** WORK INSTRUCTION **
Please reproduce all the data exactly as written and omit the pictures.

RECORDS SUPPLIED below:

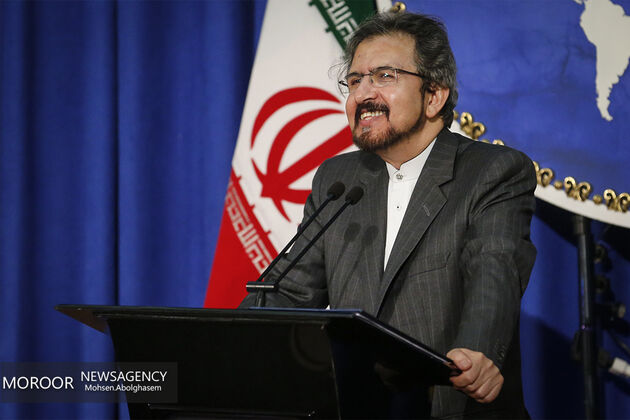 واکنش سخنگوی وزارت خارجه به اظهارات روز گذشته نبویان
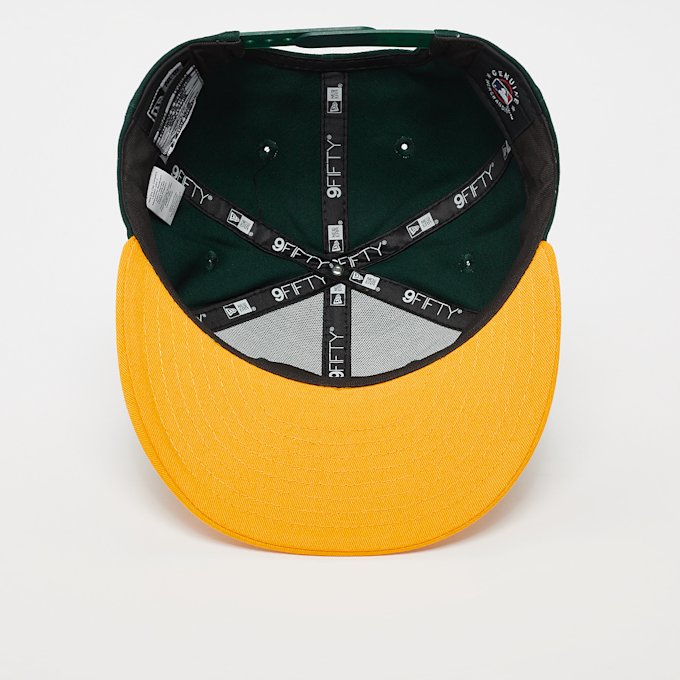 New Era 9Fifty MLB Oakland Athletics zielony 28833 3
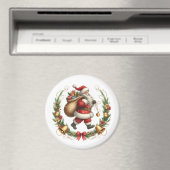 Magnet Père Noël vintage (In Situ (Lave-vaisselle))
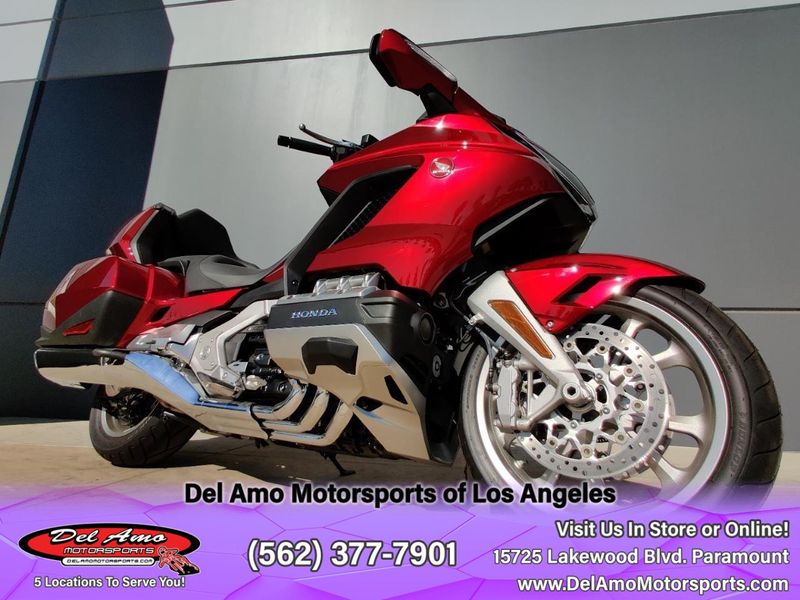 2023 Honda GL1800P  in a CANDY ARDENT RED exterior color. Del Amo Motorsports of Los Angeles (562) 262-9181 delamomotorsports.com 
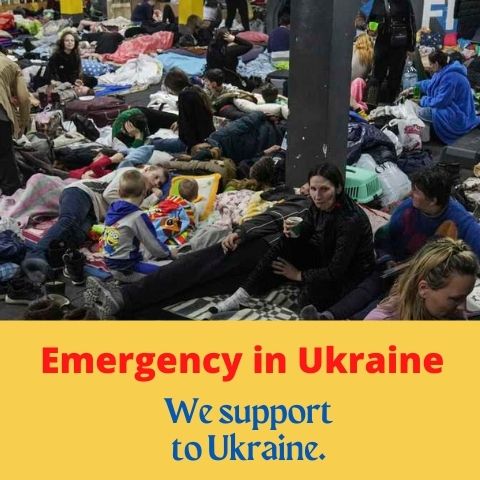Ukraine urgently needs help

End of RECORDS SUPPLIED.

** SOLVED PROBLEM **
 واکنش سخنگوی وزارت خارجه به اظهارات روز گذشته نبویان
 New Era 9Fifty MLB Oakland Athletics zielony 28833 3
 Magnet Père Noël vintage (In Situ (Lave-vaisselle))
 2023 Honda GL1800P  in a CANDY ARDENT RED exterior color. Del Amo Motorsports of Los Angeles (562) 262-9181 delamomotorsports.com 
Ukraine urgently needs help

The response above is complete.